Direktur Utama BPRS Bhakti Sumekar, Hairil Fajar, menyatakan lembaga keuangan daerah tidak hanya berperan menyalurkan modal, tetapi juga memastikan pelaku usaha memiliki kapasitas berkembang secara berkelanjutan.
“Penguatan UMKM tidak cukup hanya pada permodalan.
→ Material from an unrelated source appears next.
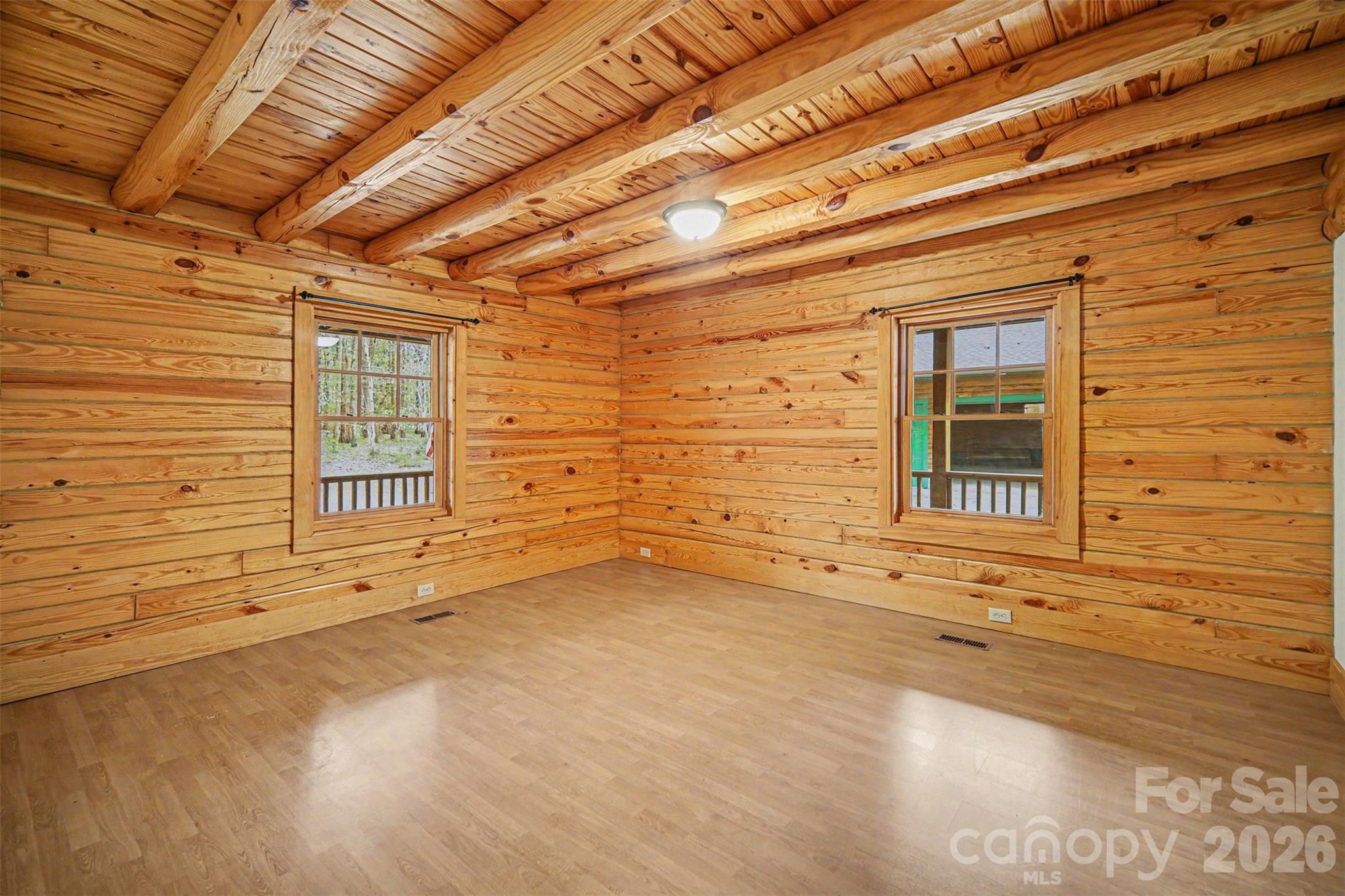 SHADY OAKS - Residential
Kami mendorong pelaku usaha agar mampu naik kelas melalui pembiayaan yang disertai pendampingan dan peningkatan kapasitas usaha,” ujarnya.
Sebagai Badan Usaha Milik Daerah (BUMD) Pemerintah Kabupaten Sumenep, BPRS Bhakti Sumekar menjalankan mandat mendorong pertumbuhan ekonomi lokal. Skema pembiayaan yang ditawarkan mengedepankan prinsip syariah dengan mekanisme yang dinilai lebih aman serta sesuai kebutuhan pelaku usaha kecil dan menengah.
Dalam forum tersebut, BPRS juga mendorong kolaborasi lintas sektor, termasuk dengan dunia pendidikan seperti Program Studi Desain Komunikasi Visual (DKV). Kolaborasi ini diarahkan pada penguatan aspek branding, desain kemasan, serta promosi digital agar produk UMKM lebih kompetitif di pasar.
Langkah tersebut dinilai strategis karena UMKM merupakan salah satu penopang utama perekonomian daerah. Melalui sinergi pembiayaan dan pendampingan, BPRS Bhakti Sumekar berharap ekosistem UMKM di Sumenep semakin kuat serta mampu mendorong pertumbuhan ekonomi yang inklusif dan berkelanjutan.